6 Essential Principles of Design

Content with relevant images gets 94% more views than content without.

Design matters, whether you’re building a better website, sending thousands of pieces of mail, or creating an advertisement for social media. How do you catch a viewer’s eye with better images?

Our team has decades of experience in bringing the best results for clients. Our eye-catching creative work has won awards from the Direct Marketing Association of Washington. Want to learn how to design killer images from our experts? Keep reading.

1: Balance

What is balance and why does it matter? Balance is the weight distributed in the design by elements’ placement. Balance provides stability and structure to a design.

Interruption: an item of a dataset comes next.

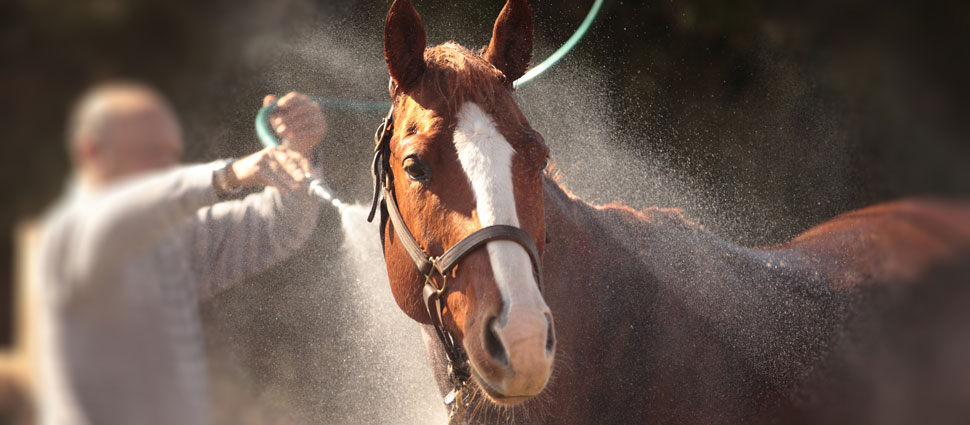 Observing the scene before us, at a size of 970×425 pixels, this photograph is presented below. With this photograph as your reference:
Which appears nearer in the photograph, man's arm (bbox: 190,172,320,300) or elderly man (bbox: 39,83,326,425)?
elderly man (bbox: 39,83,326,425)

Visual balance is similar to balance in physics. A large shape close to the center of an image can be balanced by a small shape close to the edge. There are four basic types of balance: radial, symmetrical, asymmetrical, and mosaic balance. Consider weight and direction when

While there are many types of balance, one of the most popular in design is symmetrical balance, as displayed below.


Unbalanced images detract from a professional appearance. Using free grid tools in Photoshop, Canva, or other design tools can help contribute to the balance of an image.

2: Proximity

Proximity creates a relationship between elements of the image. While proximity does not mean that elements have to be placed together, it means they should be visually connected in some way. Below is an example of how proximity connects thematically similar elements.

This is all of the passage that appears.